- One or more plastic drinking straws
- A pin
- Sticky tape
What to do
- Flatten one end of a straw. Use the scissors to cut the end of the straw into a pointy triangle shape.
- Put the straw into your mouth with the triangle just inside your mouth.
- Press your lips together just hard enough to hold the straw in place.
- Now blow through the straw!
- You may not get a sound straight away – playing the musical straw takes practice. Try adjusting the position of the straw in your mouth, how hard you blow and how hard you press your lips together.
- Once you can make a sound using the musical straw, cut small holes along one side of the straw using scissors or a pin to create a straw recorder. Cover different numbers of holes with your fingers to play different notes.
- While playing one long note on the straw, ask a friend to cut it shorter and shorter using scissors. Make sure they are careful, and don’t get close to your face. Listen to how the sound changes as the straw gets shorter.
- Tape a cone of paper to the end of your straw, like a trumpet. Try using small cones and large cones, and compare the difference in sound. Try making a giant cone out of newspaper!
Questions to ask
How hard is it to make a sound from your musical straw?

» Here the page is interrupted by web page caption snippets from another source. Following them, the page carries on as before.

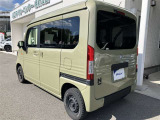 県外への販売は近隣県のみ(福岡・広島・島根)とさせていただいております。ご了承くださいませ。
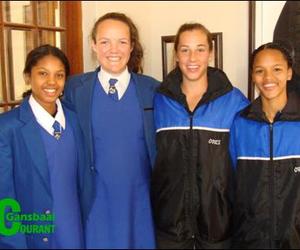 Ovies haal Boland-span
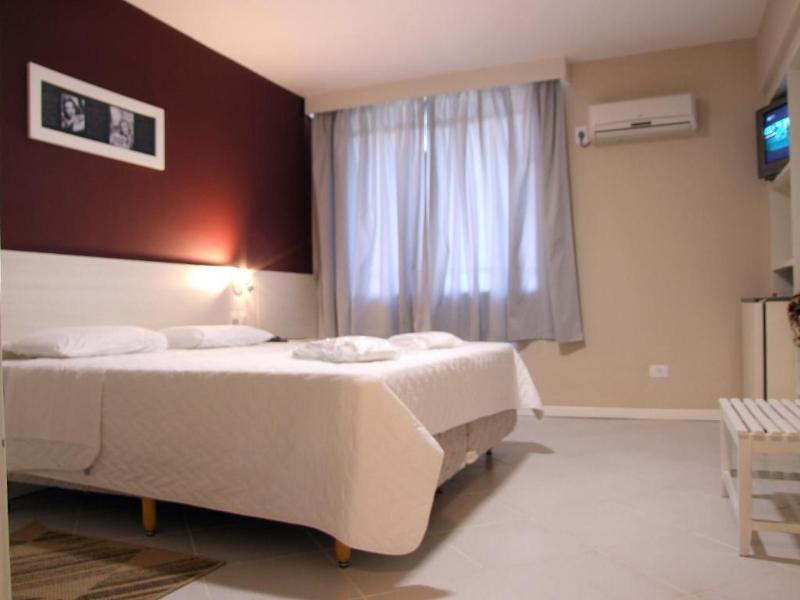 Emacite Flex Hotel image 7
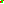 Destellos dst-159480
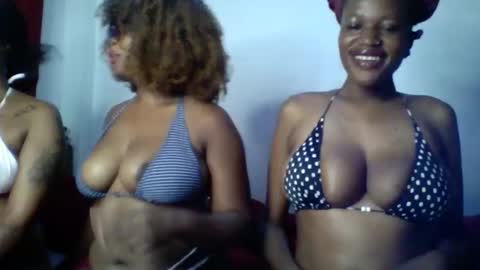 sweet rayana  online show from April 1, 2:34 am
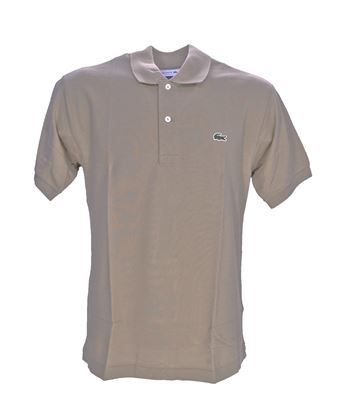 Picture of Lacoste Polo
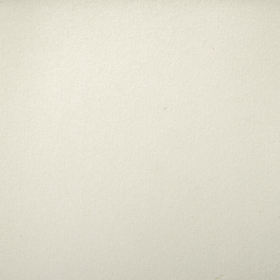 Скетчбук, слоновая кость 140 г/м2 210х148 мм, 80 л., КОЖЗАМ, резинка, BRAUBERG ART CLASSIC, черный, 113198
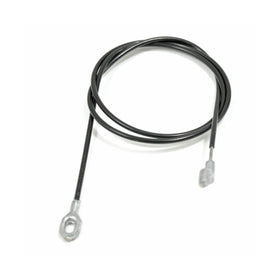 Murray 760773MA Lawn Mower Control Cable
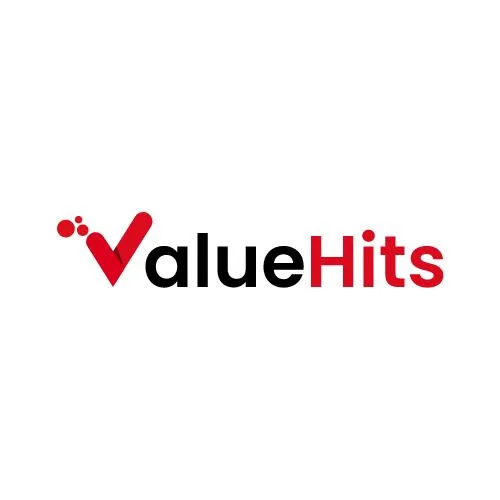 Hire SEO Expert From The Best Marketing Agency
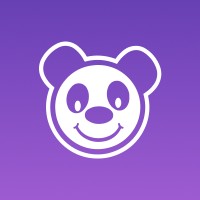Purple Panda Rentals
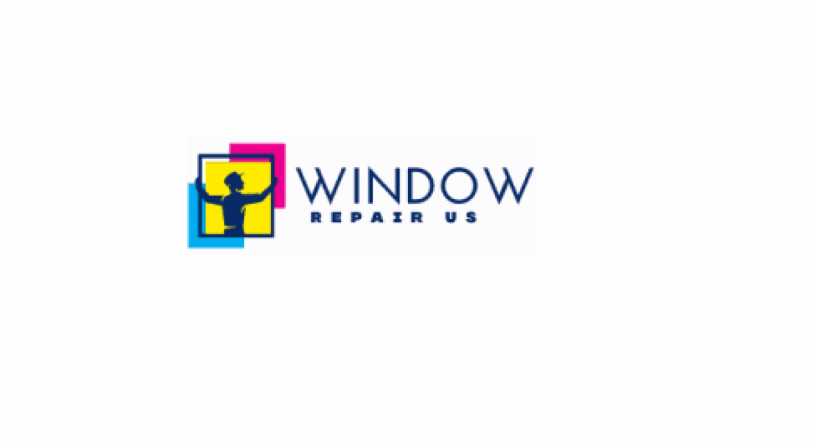 window-repair-us-inc-big-0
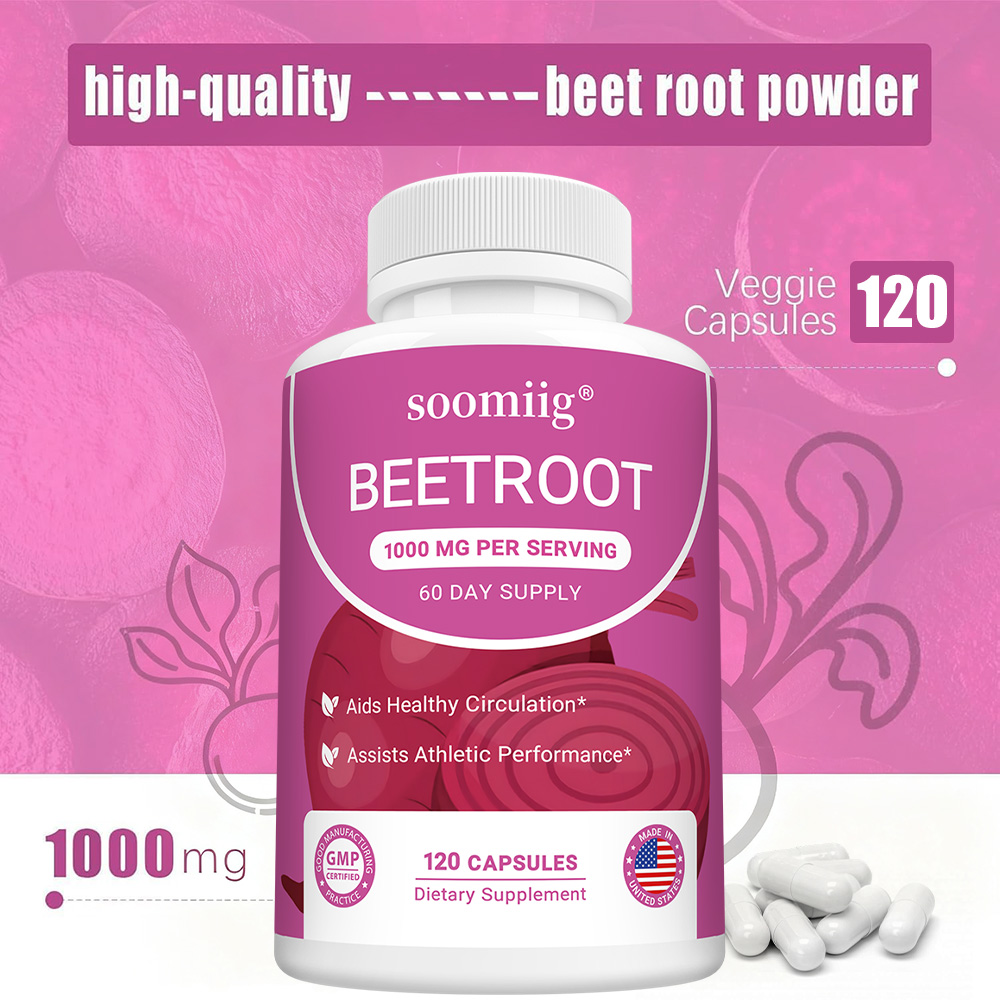 แคปซูลรากบีทรูทออร์แกนิก ส่งเส - Valerian Root Capsule บทวิจารณ์และราคา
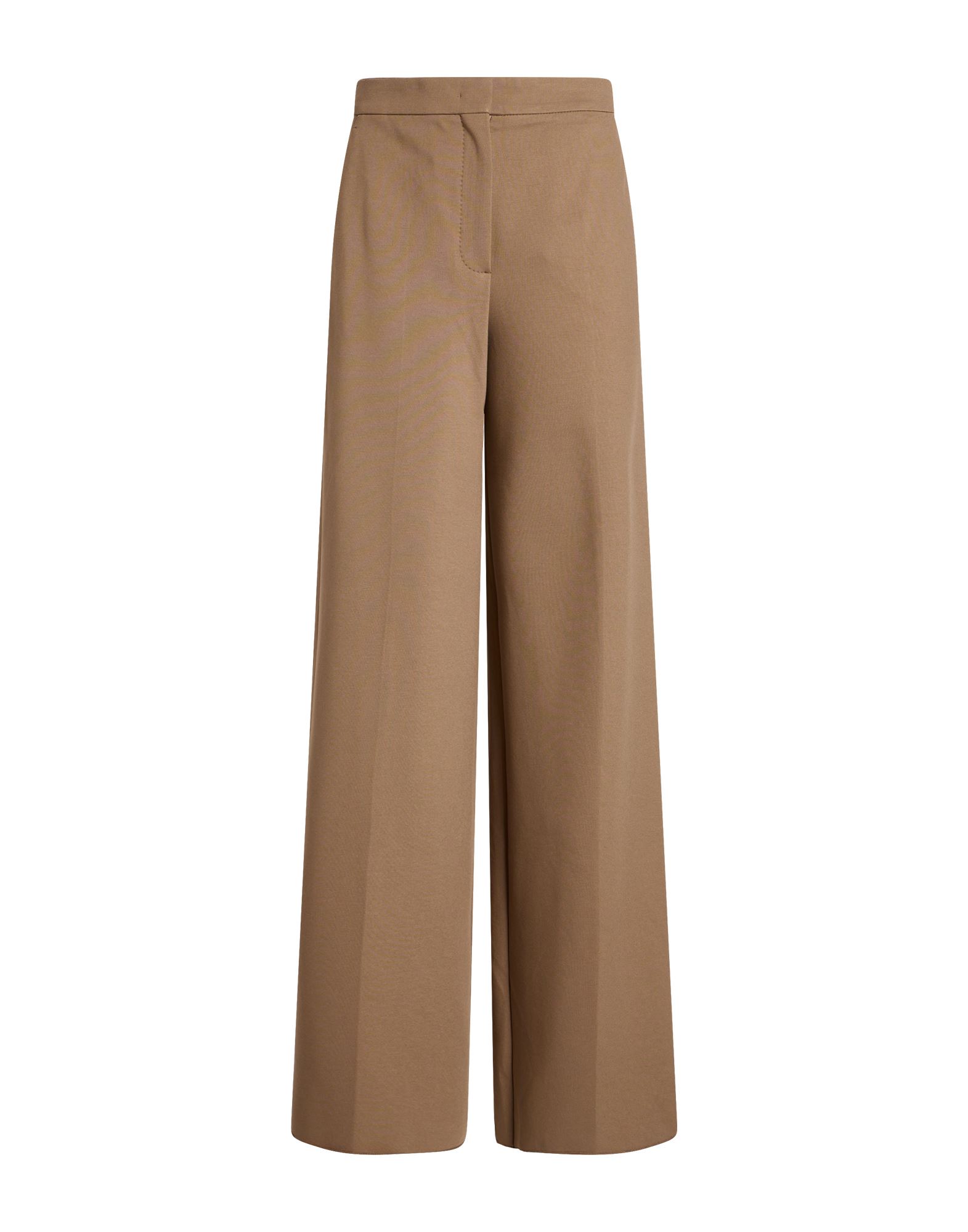 MAX MARA MAX MARA BOTTOMWEAR Casual Παντελόνι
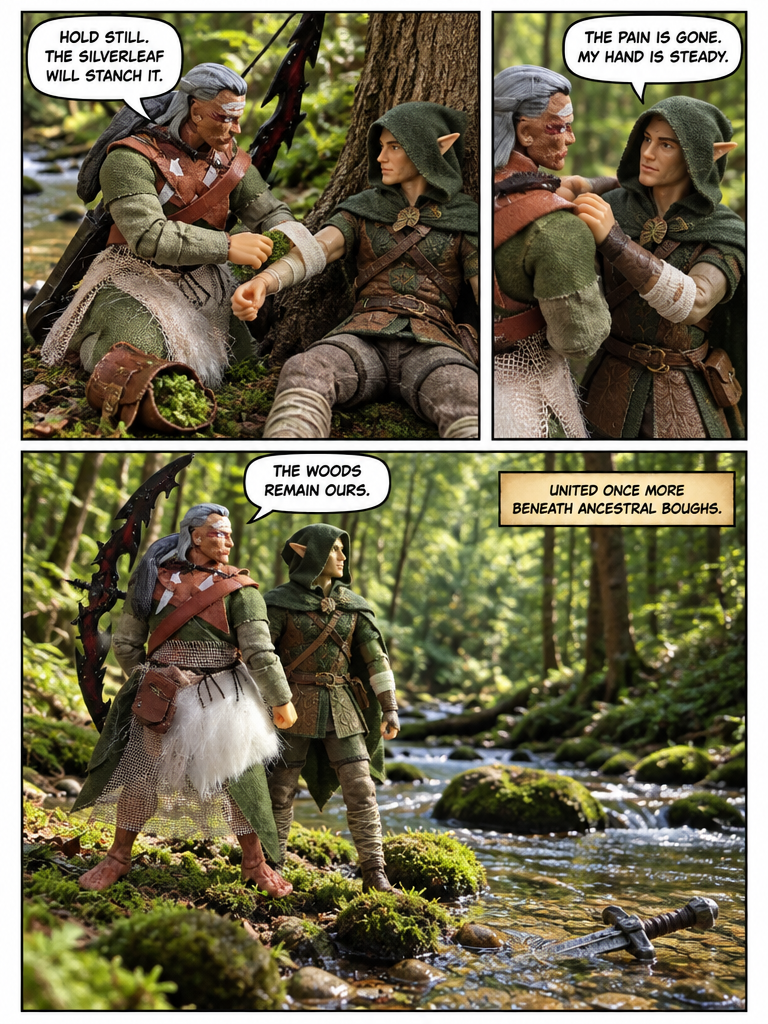 Thalionthir (page 4 of 4)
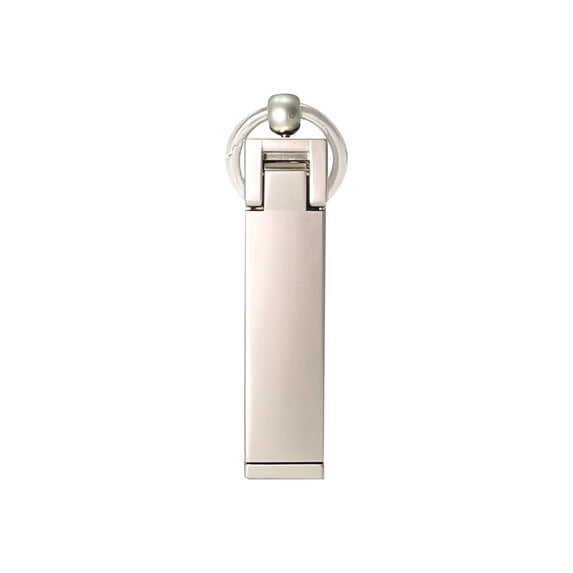 KeySmart BagHang+
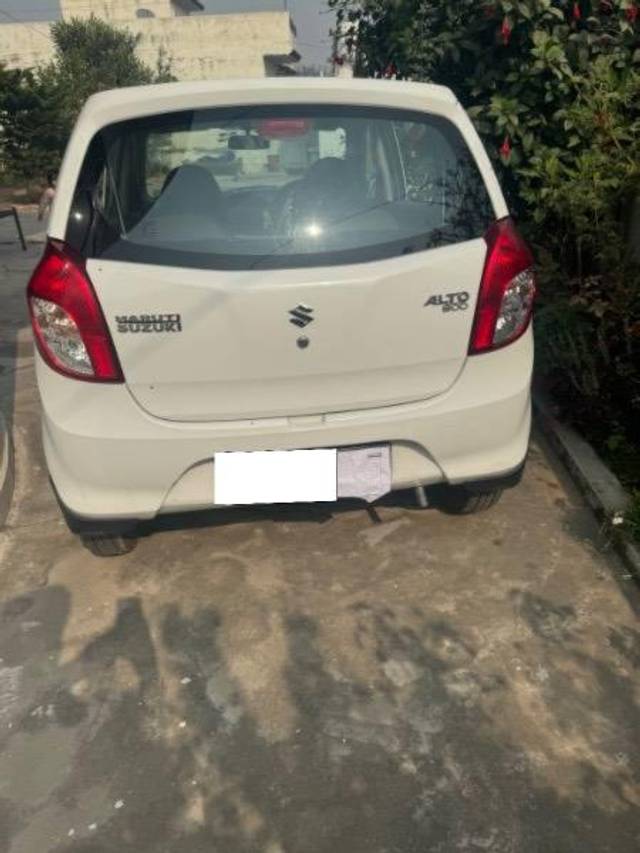 https://images10.gaadi.com/usedcar_image/4201811/original/processed_37b8d7d3-8afb-4267-a1f2-a3bcca3cd88c.jpeg?imwidth=6402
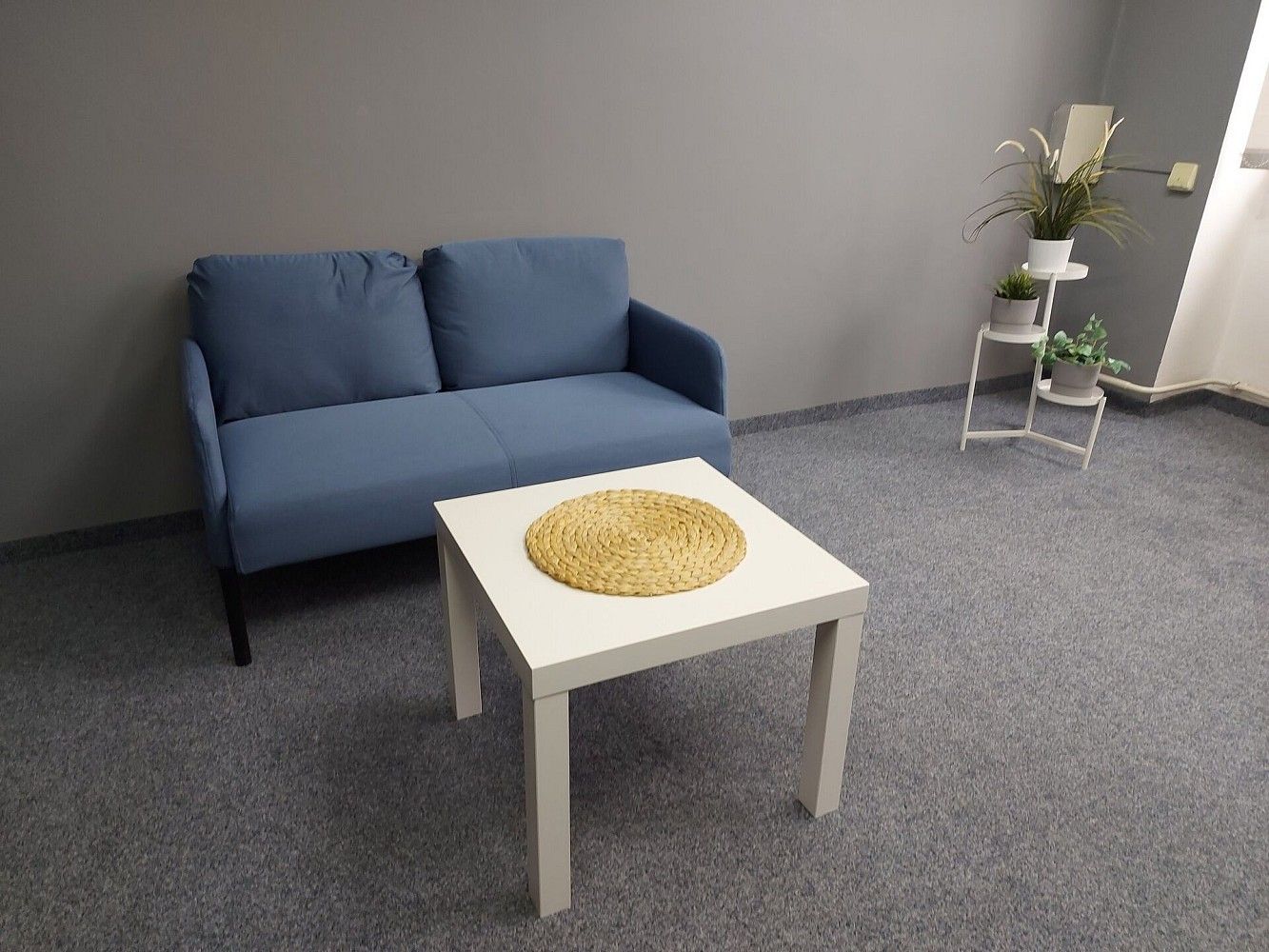 Kancelář · 40 m² · Louny, Ústecký kraj - 4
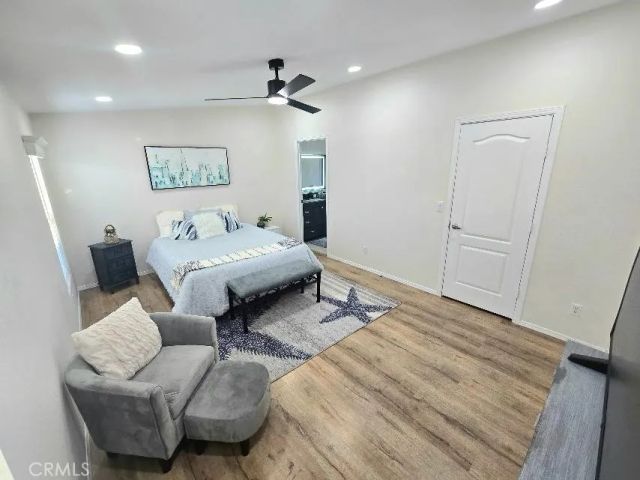 21851 Newland St. 43, Huntington Beach, CA 92646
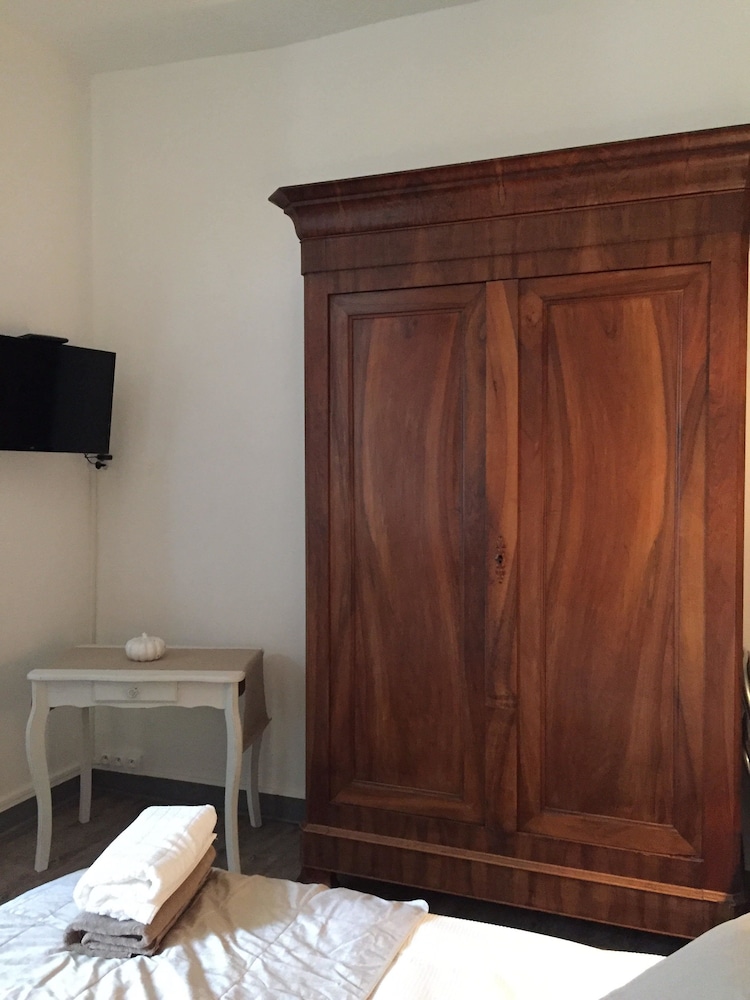 Villa des T view 4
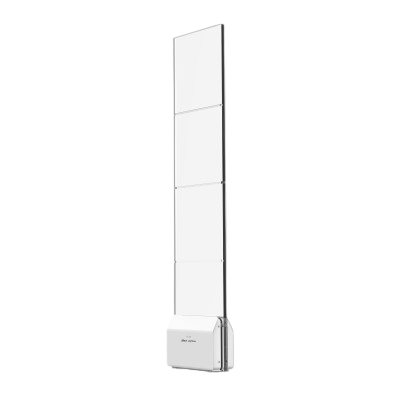 ISC-EAR8-E108-S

What happens to the sound when you press your lips together harder? What happens when you blow harder through the straw?
Could you play different notes when you cut holes in your straw?
What happened to the sound when your friend cut the straw shorter? Did it get higher or lower?
What happened to the sound when you put the paper cone on your straw? Did it get louder or quieter? Was there a difference in sound if you used a small cone or a large cone?
When you blow air through the straw, it makes the 2 plastic triangles of straw shake back and forth, or vibrate. Vibrating objects make sound – in this case, the sound of a musical straw.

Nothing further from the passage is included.